= Information supplied =
::::::::::
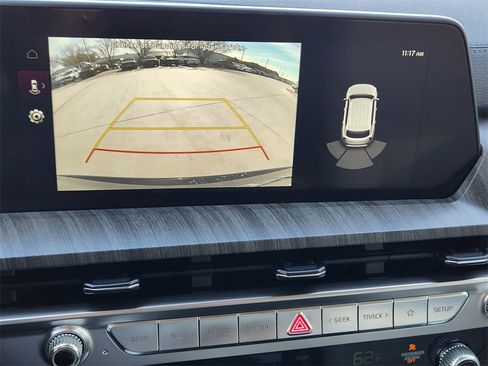 New 2025 Kia Telluride EX image 14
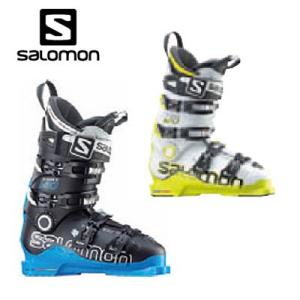 サロモン（SALOMON） スキーブーツ X MAX 120 【14-15 2015モデル】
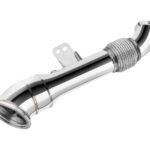 Downpipe FMIC.Pro para BMW G06 X6 M40iX B58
::::::::::
= To do =
Reproduce the whole listing above character for character; pictures do not belong in it.

= The answer =
 New 2025 Kia Telluride EX image 14
 サロモン（SALOMON） スキーブーツ X MAX 120 【14-15 2015モデル】
 Downpipe FMIC.Pro para BMW G06 X6 M40iX B58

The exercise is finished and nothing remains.